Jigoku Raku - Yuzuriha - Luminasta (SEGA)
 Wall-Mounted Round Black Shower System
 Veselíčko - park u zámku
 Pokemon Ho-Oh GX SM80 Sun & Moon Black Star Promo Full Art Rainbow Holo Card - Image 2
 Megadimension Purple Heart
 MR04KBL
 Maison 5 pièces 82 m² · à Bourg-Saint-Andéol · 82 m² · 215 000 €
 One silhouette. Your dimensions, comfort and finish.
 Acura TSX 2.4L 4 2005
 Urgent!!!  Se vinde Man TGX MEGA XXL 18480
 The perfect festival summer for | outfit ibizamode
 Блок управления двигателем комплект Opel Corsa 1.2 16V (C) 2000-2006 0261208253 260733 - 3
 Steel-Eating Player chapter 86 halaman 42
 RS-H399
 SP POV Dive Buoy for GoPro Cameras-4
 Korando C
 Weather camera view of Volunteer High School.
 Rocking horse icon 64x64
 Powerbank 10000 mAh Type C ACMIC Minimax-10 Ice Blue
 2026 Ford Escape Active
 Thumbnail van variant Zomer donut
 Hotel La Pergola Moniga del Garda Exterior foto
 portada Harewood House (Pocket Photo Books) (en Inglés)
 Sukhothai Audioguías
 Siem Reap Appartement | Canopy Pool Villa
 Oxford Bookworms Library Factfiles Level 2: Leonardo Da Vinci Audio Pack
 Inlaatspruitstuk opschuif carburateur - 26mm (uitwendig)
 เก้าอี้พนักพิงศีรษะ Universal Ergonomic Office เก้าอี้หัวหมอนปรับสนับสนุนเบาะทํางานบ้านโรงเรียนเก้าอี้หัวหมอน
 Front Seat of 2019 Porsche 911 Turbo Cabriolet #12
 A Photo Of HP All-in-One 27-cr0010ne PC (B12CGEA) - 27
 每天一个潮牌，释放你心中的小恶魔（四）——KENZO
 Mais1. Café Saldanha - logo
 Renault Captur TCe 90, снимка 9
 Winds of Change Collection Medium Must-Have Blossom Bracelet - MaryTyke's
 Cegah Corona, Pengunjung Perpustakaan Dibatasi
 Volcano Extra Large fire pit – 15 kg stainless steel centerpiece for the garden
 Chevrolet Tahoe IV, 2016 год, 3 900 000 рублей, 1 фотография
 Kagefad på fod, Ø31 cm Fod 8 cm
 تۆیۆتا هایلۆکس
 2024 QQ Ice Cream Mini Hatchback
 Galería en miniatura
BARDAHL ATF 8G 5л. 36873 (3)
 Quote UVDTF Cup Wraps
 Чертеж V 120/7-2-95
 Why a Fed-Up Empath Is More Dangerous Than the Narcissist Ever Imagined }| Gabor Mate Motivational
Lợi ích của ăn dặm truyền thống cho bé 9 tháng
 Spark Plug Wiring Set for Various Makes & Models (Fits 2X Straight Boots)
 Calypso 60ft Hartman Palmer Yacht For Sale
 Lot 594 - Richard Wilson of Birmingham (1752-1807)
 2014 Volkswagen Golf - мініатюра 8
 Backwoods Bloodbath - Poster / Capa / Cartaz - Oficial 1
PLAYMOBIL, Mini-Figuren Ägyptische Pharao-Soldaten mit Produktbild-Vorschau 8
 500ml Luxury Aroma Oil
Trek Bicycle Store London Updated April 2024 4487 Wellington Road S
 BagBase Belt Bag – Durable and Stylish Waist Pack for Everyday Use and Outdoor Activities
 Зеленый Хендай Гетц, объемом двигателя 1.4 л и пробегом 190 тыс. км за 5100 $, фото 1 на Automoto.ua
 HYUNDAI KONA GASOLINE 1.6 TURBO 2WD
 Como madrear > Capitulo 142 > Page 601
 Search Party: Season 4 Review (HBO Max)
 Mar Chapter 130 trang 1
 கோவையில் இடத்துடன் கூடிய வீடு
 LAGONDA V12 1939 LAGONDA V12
◇ ◇ ◇ ◇ ◇
**Assigned task**
Repeat, word for word, the lines above between the line holding "MEGA XXL 18480" and the line holding "Inlaatspruitstuk opschuif carburateur", inclusive; omit everything else.

**Written response**
 Urgent!!!  Se vinde Man TGX MEGA XXL 18480
 The perfect festival summer for | outfit ibizamode
 Блок управления двигателем комплект Opel Corsa 1.2 16V (C) 2000-2006 0261208253 260733 - 3
 Steel-Eating Player chapter 86 halaman 42
 RS-H399
 SP POV Dive Buoy for GoPro Cameras-4
 Korando C
 Weather camera view of Volunteer High School.
 Rocking horse icon 64x64
 Powerbank 10000 mAh Type C ACMIC Minimax-10 Ice Blue
 2026 Ford Escape Active
 Thumbnail van variant Zomer donut
 Hotel La Pergola Moniga del Garda Exterior foto
 portada Harewood House (Pocket Photo Books) (en Inglés)
 Sukhothai Audioguías
 Siem Reap Appartement | Canopy Pool Villa
 Oxford Bookworms Library Factfiles Level 2: Leonardo Da Vinci Audio Pack
 Inlaatspruitstuk opschuif carburateur - 26mm (uitwendig)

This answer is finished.